See the Licensing floodplain harvesting website for more information.

Long-term water strategies

NSW Water Strategy

The NSW Government has established the NSW Water Strategy, which outlines a plan to achieve sustainable water resources for people, places and ecosystems. The plan states seven priorities:

  • Priority 1: Build community confidence and capacity through engagement, transparency and accountability.
  • Priority 2: Recognise Aboriginal peoples’ rights and values and increase access to and ownership of water for cultural and economic purposes.
  • Priority 3: Improve river, floodplain and aquifer ecosystem health and system connectivity.
  • Priority 4: Increase resilience to changes in water availability.
  • Priority 5: Support economic growth and resilient industries within a capped system.
  • Priority 6: Support resilient, prosperous and liveable cities and towns.
  • Priority 7: Enable a future-focused, capable and innovative water sector.

The 2021–22 Annual Progress Report on Water Strategy Implementation reports that of the 123 actions in the 2021–22 NSW Water Strategy Implementation Plan:

  • 55% were complete or ongoing (have no end date)
  • 26% were in progress with a revised timeline
  • 15% were in progress
  • 2% had closed
  • 2% had not started.

The 2022–23 Annual Report Progress on Water Strategy Implementation updates progress but does not provide a progress summary.

The 2021–22 NSW Water Strategy Implementation Plan builds on the progress made since 2021 and identifies 42 actions to be taken over the next 2 years.

The first formal review of the NSW Water Strategy is due in 2026.
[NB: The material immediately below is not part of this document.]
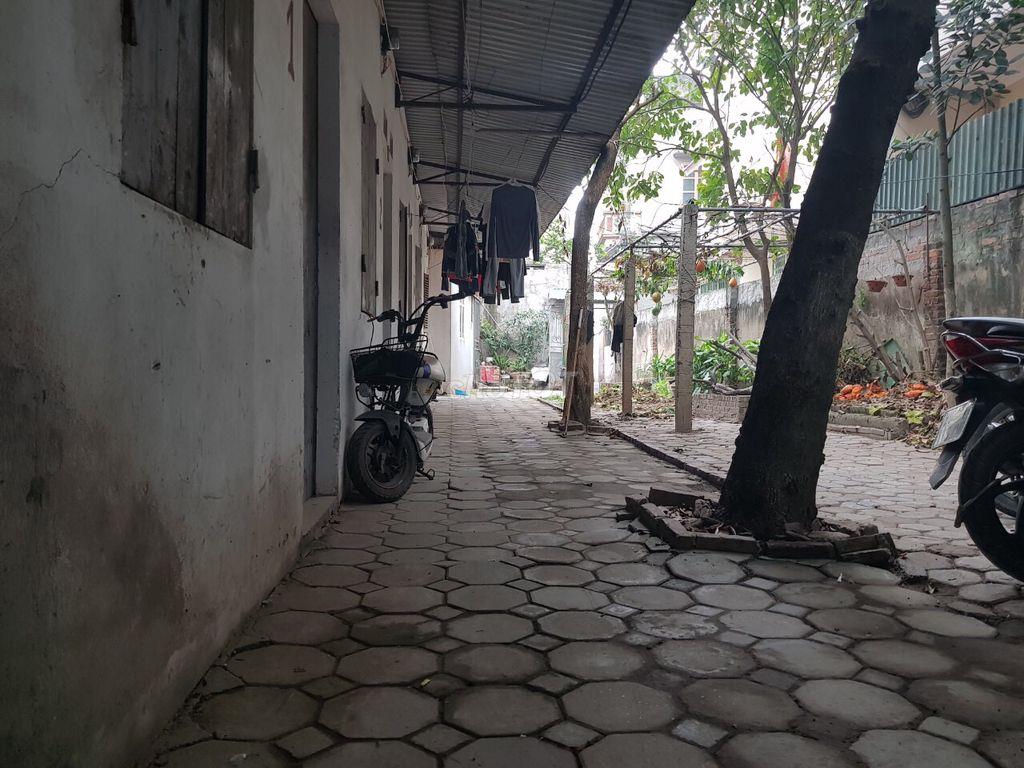 Có phòng cho thuê vào ở từ 1/11 cách viện 103 khoảng 1,5km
Regional and metropolitan water strategies

Regional and metropolitan water strategies work alongside the NSW Water Strategy to help prepare specific regions for a changing climate.

Most of these strategies have been finalised and are now being implemented (see Map W1.6). The final four regional water strategies are currently under development (NSW Water n.d.).
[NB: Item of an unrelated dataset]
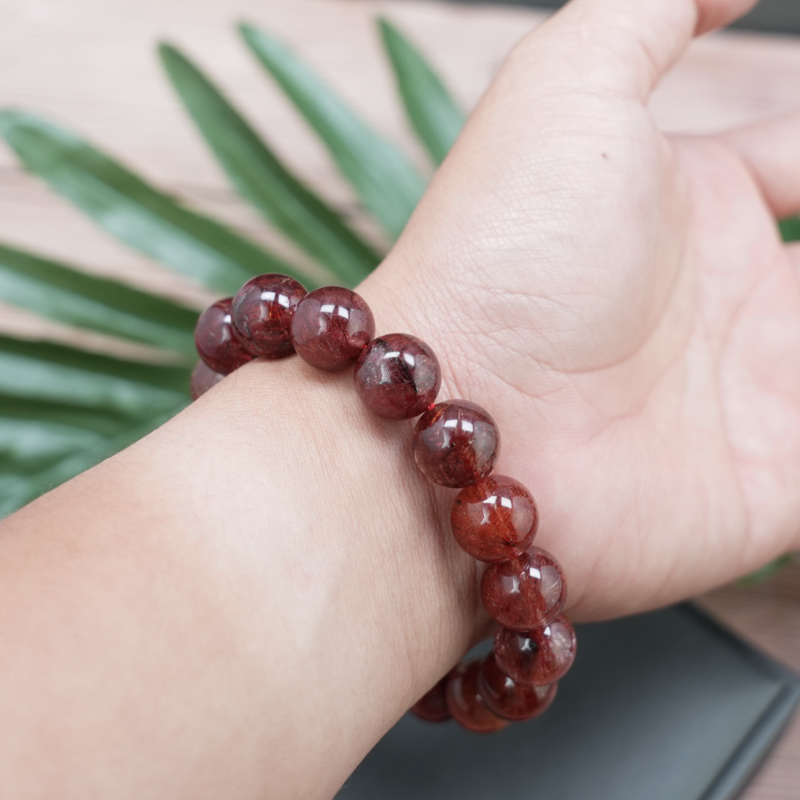 Vòng Thạch anh tóc đỏ 12mm chuẩn 5A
Map W1.6: Regional and metropolitan water strategy program status as of 2023

NSW map
Source:
NSW Water n.d.

Working with Aboriginal peoples

Aboriginal Water Program

The Aboriginal Water Program encapsulates how the NSW DCCEEW is embedding Aboriginal peoples in the planning and management of water in NSW.

NSW Aboriginal Water Strategy

The NSW Government is working with Aboriginal peoples to develop and implement a NSW Aboriginal Water Strategy to address the NSW Water Strategy Priority 2.

The strategy identifies opportunities to increase Aboriginal water rights and ensure that Aboriginal peoples are empowered to contribute to water management and planning decisions.

The strategy is underpinned by six principles relating to water that Aboriginal peoples identified as important:

  • culture – water is central to Aboriginal culture and practices
  • health and wellbeing
  • caring for Country
  • meaningful engagement
  • economic benefit
  • shared cultural and environmental benefits.

Cultural Watering Plans

Cultural Watering Plans aim to increase Aboriginal ownership of water for cultural and economic purposes.

The NSW Government will create an environment of two-way knowledge sharing. It will also investigate barriers to using Aboriginal Cultural Specific Purpose Access Licences and promote awareness of existing water access avenues.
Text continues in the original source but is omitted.